Ian pretty much sums up my feelings on punditry. So much of this blogging shit is a shell game. Comments on comments on comments, all under the cover that "the blogosphere is all about the conversation."
When it's actually about the conversation it's brilliant, revolutionary and when the history is written, Gutenberg won't have shit on the internet. But too often it's not really a conversation, it's 9000 people in a room shouting "me too!" just to be heard.
The best blogs are written by people who have gone out and done something. It's who they were before they sat down to write that makes their writing great. It's their perspective and experience that we all benefit from.
This isn't to say that everyone shouldn't have a blog. I'm probably too optimistic in who should write. And since it literally costs nothing to start a blog, there's no risk in trying. But writing isn't sitting down and hammering out what you think someone else would say. It's not parroting the opinions of other people, no matter how accomplished they happen to be. That's college. Save it for your professors.

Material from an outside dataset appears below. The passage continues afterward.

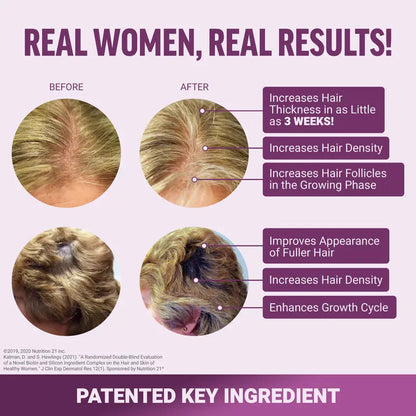 Hair Growth Accelerator – Capsules & Soft Chews, 90 Count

This space should be more authentic. It's your life as original research, your life as performance art, your life as narrative non-fiction. This is the one place you can be truly be free. Where you can scream anonymously into the void just to see what resonates back.
Don't lose that freedom trying to pass off some polished image of yourself. Every other part of your life is going to be constrained by the expectations of others. Make this a place where you can be free of those expectations, even if it's only for twenty minutes a day.